İstanbul’un Mastarları / İstiklal’de tramvaya asılmak
Öyledir. İstanbullu daha doğrusu İstiklal caddeli çocuklar böyle büyür. Mutlaka tramvaya asılmalıdırlar. Yoksa eksik kalan bi’şeyler olucaktır. Bir yere yetişmek yada toplu taşıma araçlarına beleş binme heyecanı yaşamak için değil, kaptandan fırça yemek, ‘asılmayın len’ azarını işitmek için de değil, açık havada yolculuk daha eğlenceli olduğu için hiç değil.. Ni’çin peki?
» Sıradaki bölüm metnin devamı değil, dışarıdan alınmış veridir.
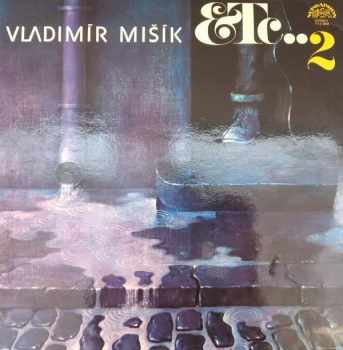 Etc…2 - Vladimír Mišík, Etc… (1982, Supraphon) - ID: 4068398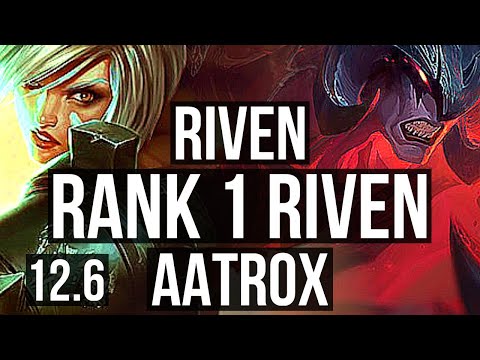RIVEN vs AATROX (TOP) | Rank 1 Riven, Rank 3, Legendary, 300+ games, 11/3/4 | EUW Challenger | 12.6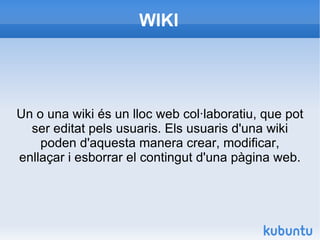 WIKI Un o una wiki és un lloc web col·laboratiu, que pot ser editat pels usuaris. Els usuaris d'una wiki poden d'aquesta manera crear, modificar, enllaçar i esborrar el contingut d'una pàgina web. 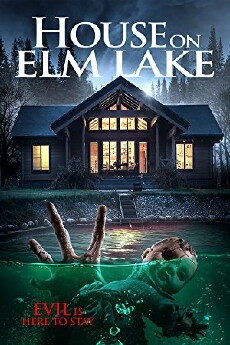 House on Elm Lake (2017) - Stream Online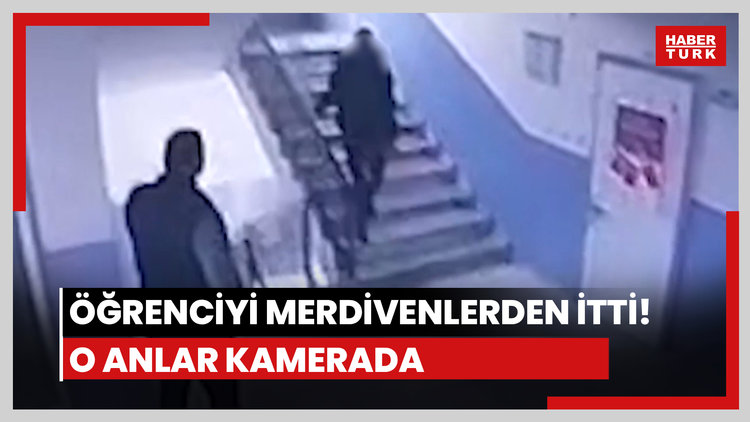 Öğrenciyi merdivenlerden itti!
Yazı ve Fotoğraf: Halit Ömer Camcı
Onların içinde zamanda yolculuk yapma arzusu vardır. Rüzgara karşı bir kartal uçuşuna imrenirler. Hayat hakkında büyük büyük sözler söylemeye hazırlanıyorlardır. Neşe yayacak tebessümleri vardır dudaklarının hemen kenarında. İstiklal, bir cadde değildir; hayatın, yaşıyor olmanın kendisidir.
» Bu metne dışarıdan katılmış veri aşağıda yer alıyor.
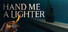 Hand Me A Lighter
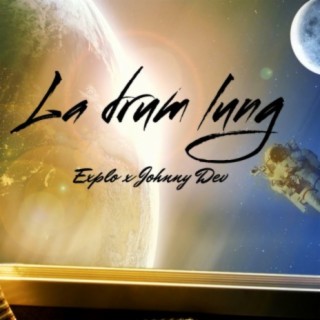 La drum lung (feat. Johnny Dev)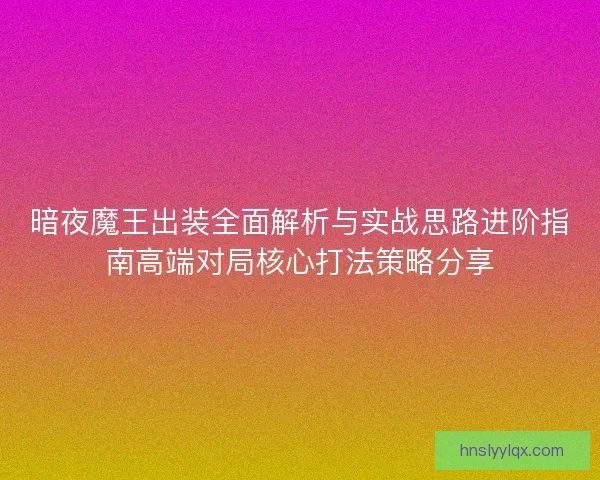 暗夜魔王出装全面解析与实战思路进阶指南高端对局核心打法策略分享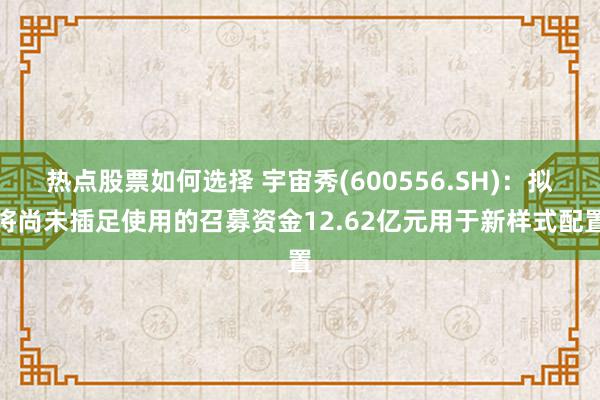 热点股票如何选择 宇宙秀(600556.SH)：拟将尚未插足使用的召募资金12.62亿元用于新样式配置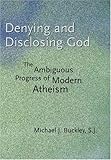 Denying and Disclosing God: The Ambiguous Progress of Modern Atheism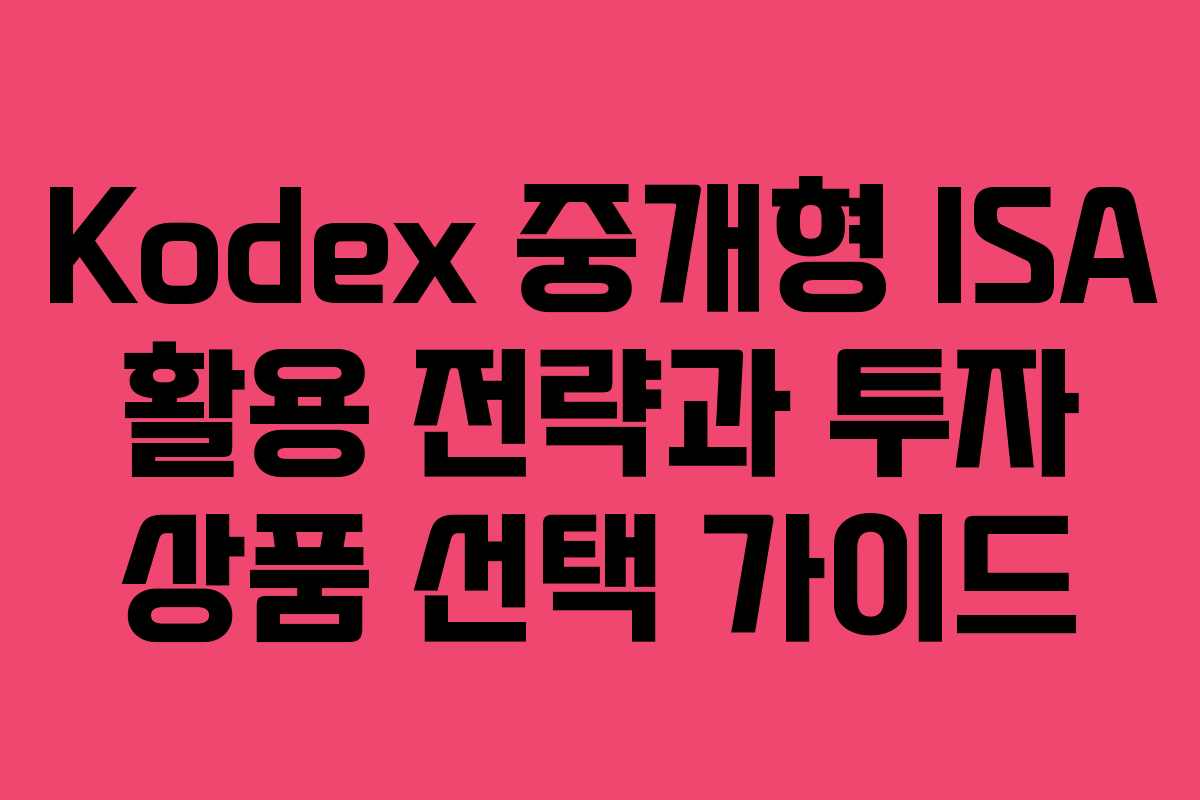 Kodex 중개형 ISA 활용 전략과 투자 상품 선택 가이드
Ebedi cennet çocukları’dır onlar, asıldıkları tramvay değil, hayattır. Uzuun caddenin kenarında elinde sepeti ‘lavanta’ satan, hayata bir başka ‘asılan’ yaşlı kadının sepetinden etrafa yayılan kokudur yaşamak onlar için. Bir kumrunun ansızın ürperişi gibi heyecanlı kalpleri müzik marketten yayılan Boena Vista şarkıları arasında titreyip durmaktadır herdaim. Yada İstiklal boyunca uzanan raylara bakarak Aşık Veysel’in Uzun İnce Bir Yoldayım türküsünü kendileri mırıldanırlar. Maksemin köşesinde gazete satan bir ama’nın hayatı seslerle kavradığı gibi kavrarlar olup biteni. Pala bıyıklarıyla turistlerle fotoğraf çektiren adamı gülerek izlerler.
Tramvaya asılıp da sonuna kadar giden hiç olmamıştır. Raconu da budur. Çünkü yolun sonu yoktur. Bazen tramvay bırakılır ve sonra tekrar peşinde koşulur. Bazen tek ayak merdivene basarken diğer ayak dışarıya sarkıtılır. Bazen tramvayın farına tutunulur. Tutulabilecek neresi varsa oraya yapışmak, oradan sarkmak, oradan bir uçurumun kenarında imiş hissi ile etrafa bakmaktır belki bütün olay.
İstiklal bir cadde, tramvay bir binek, İstanbul bir şehir midir sadece? Tramvaya tutunmak, sonsuzluğun kenarından varlığı yakalamak demektir.
İstanbul’un Mastarları – Bu yazı 2008 yılının Ocak ayında yayınlanan Gezgin dergisinin 12. sayısından alınmıştır.